* Task to complete
From the material below, copy exactly the lines beginning with the one that contains "Triple Room | Minibar, free WiFi, bed sheets" and ending with the one that contains "秀人网 – 高清壁纸推荐：盼盼龙女sunny吊带写真艺术，尽显女性柔美与力量.txt"; the pictures stay out.

* Provided information
....

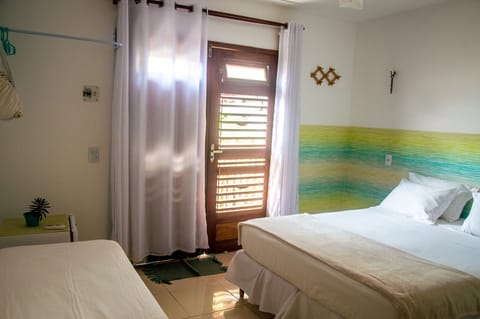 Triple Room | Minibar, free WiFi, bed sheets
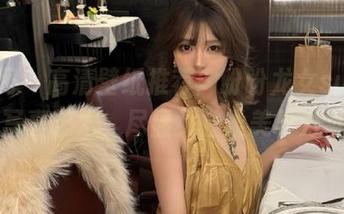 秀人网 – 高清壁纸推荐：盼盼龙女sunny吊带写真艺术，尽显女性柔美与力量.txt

....

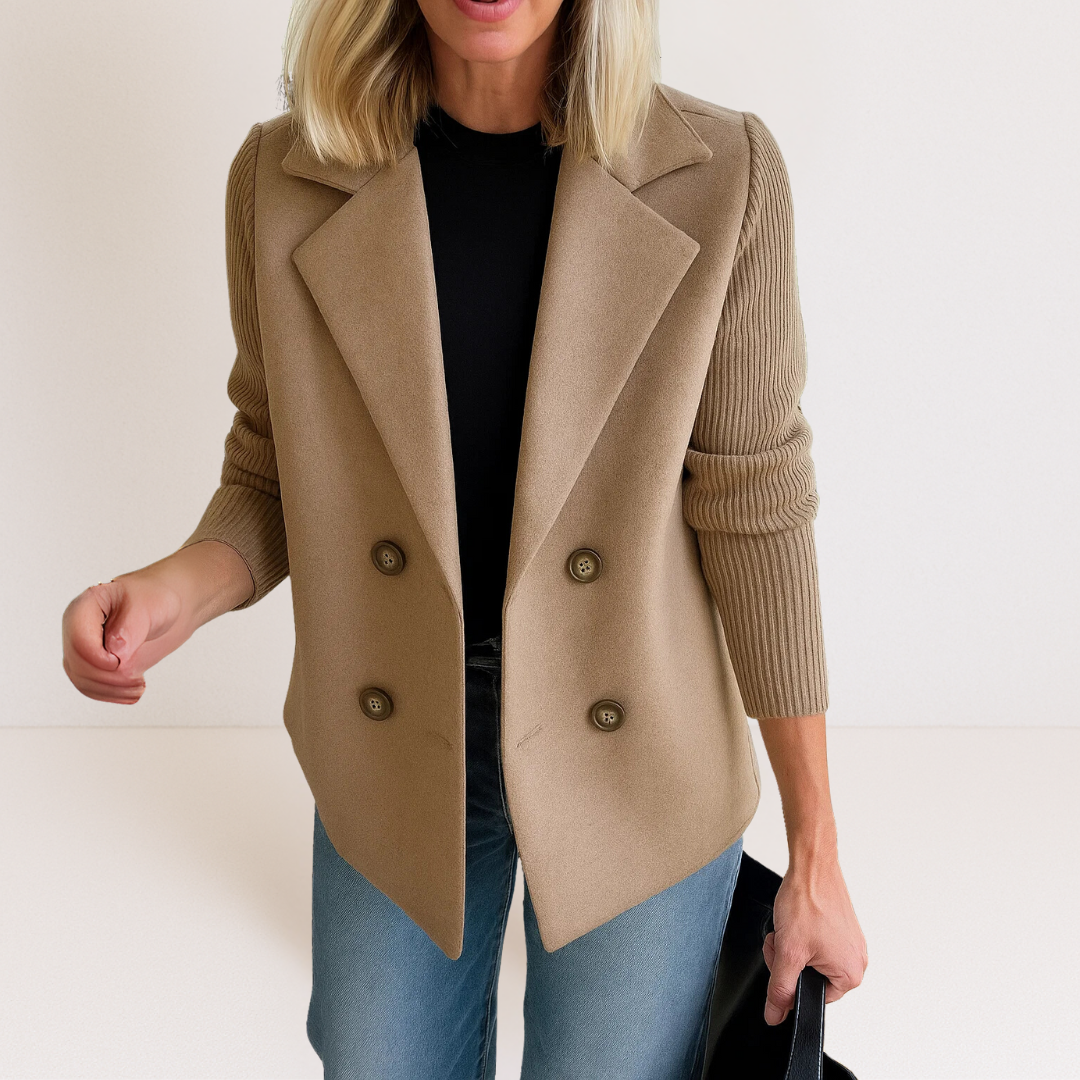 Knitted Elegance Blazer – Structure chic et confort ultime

....

* Result of the exercise
 Triple Room | Minibar, free WiFi, bed sheets
 秀人网 – 高清壁纸推荐：盼盼龙女sunny吊带写真艺术，尽显女性柔美与力量.txt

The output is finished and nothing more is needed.